The University, said Rodin, will “continue to be open to joint ventures on capital projects and potential alliances with partners who share our commitment to academic medicine and vision of a tripartite commitment to teaching, research and patient care.”
    All of those steps, she noted, “will position UPHS in a way that will protect and enhance the academic mission of the School of Medicine, allow UPHS to compete effectively in the commercial marketplace, and enhance its ability to raise capital.” Given the Health System’s “very sizeable debt burden,” Rodin added, “it will need additional capital over the next several years to support our academic and clinical missions, reinvest in our fixed assets, and cover debt service.”
    Although the creation of a separate 501(c)(3) corporation does not automatically shield Penn from the Health System’s debts, it will allow the Health System to restructure its debt at some point without obligating the University. In addition, the 501(c)(3) classification will permit the Health System to make its budgetary decisions without going through the University’s relatively cumbersome budget process, noted Penn spokeswoman Lori Doyle.
    Dr. Alan Wasserstein, chair of the Medical School Faculty Senate and a member of the joint committee which issued the recommendations, said that one reason for creating the 501(c)(3) was to make the Health System “more nimble in the marketplace, more capable [of] doing a deal.”
    The faculty is “relieved and satisfied with this outcome,” Wasserstein added. “We were afraid that sale of the Health System in whole or in part would compromise the academic mission.”
    But, he warned, “Now is not the time for us to become complacent,” noting that reorganizing the Health System as a separate corporation “does not infuse it with capital. Capital is desperately needed to improve clinical services, support the medical school, and attract and retain first-class researchers. The president and the trustees are therefore obliged to continue to look at joint ventures, foundations, fundraising and other sources of capital.
    “Many of the faculty feel that the need for such a deal could be lessened if only the Health System reached its economic potential,” he added. “Working here every day we are painfully aware of inefficiencies in clinical operations. These involve not only high-profile items like billing and collections but subtler things like time of [patients’] discharge.” He suggested that faculty and administrators need to work together better to improve efficiencies.
    “Medical faculty—doctors in general—are conservative and averse to change,” Wasserstein said. “This recent crisis may make us more amenable to it. We’ve had a wake-up call, and we have to respond or face a similar crisis down the road.”
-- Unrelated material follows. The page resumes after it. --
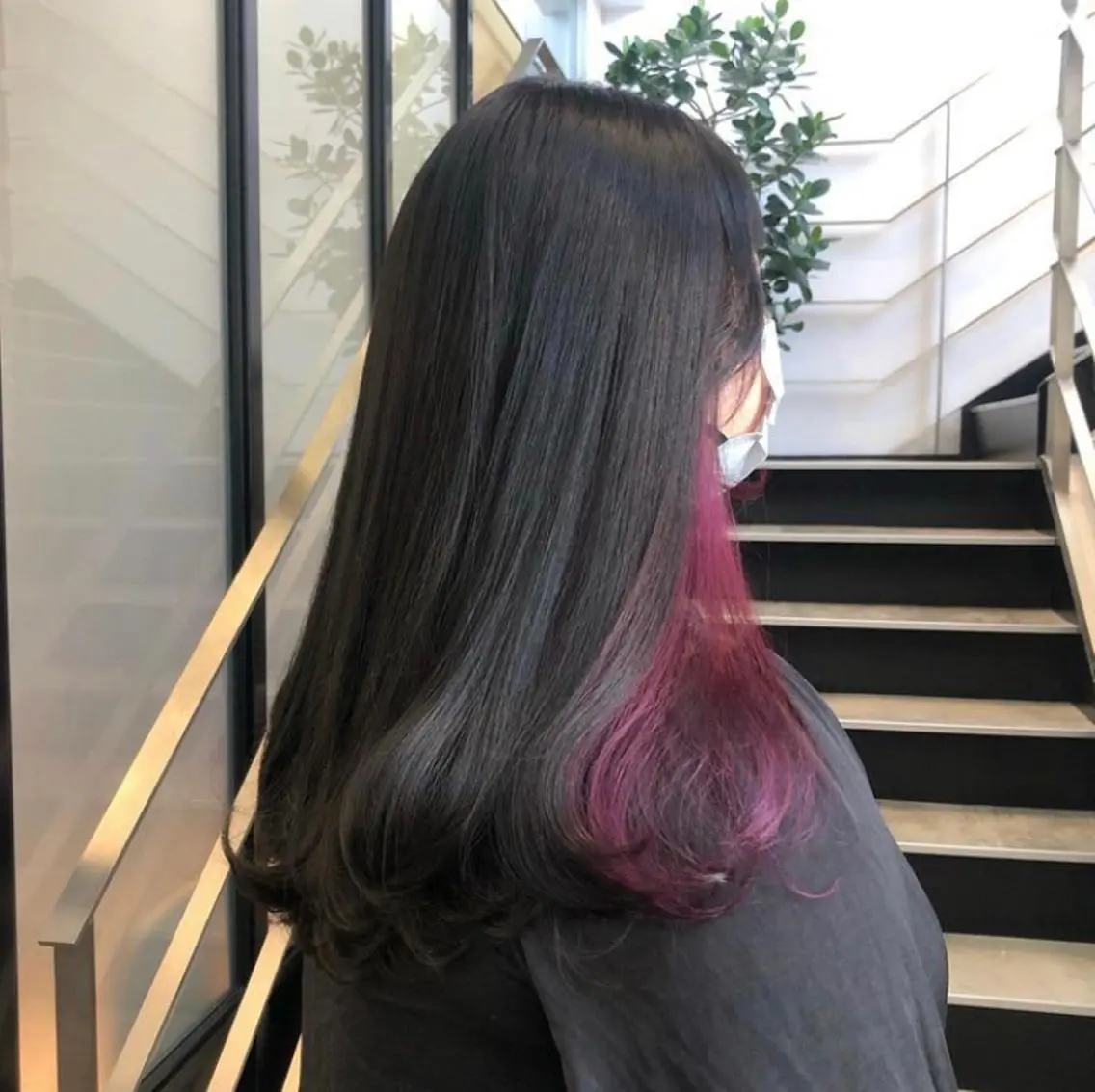 ロング カラー パーマ ヘアアレンジ メンズ キッズ メンズインナーカラー インナーカラー ピンクカラー ヘアカラー stylist 🌸 kana.のヘアスタイル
    The Health System’s future was the subject of a medical Faculty Senate symposium on January 29, attended by about 300 employees. Four scholars from other universities who have studied or participated in the sales and mergers of academic health centers offered their perspectives. Dr. Arthur Asbury, interim dean of the School of Medicine, highlighted the Health System’s financial challenges, noting that “capital spending last year and this year has been relatively spare” and that more expenditures will be needed in the future for “replacement, renewal and new technology.” Another responsibility to consider, he observed, is the “care and feeding of the academic programs.”
    And that, as Rodin noted, is a core priority. The decision not to sell the Health System, she told the trustees, “reaffirms what we hold most dearly: that is, the central academic mission of this institution.”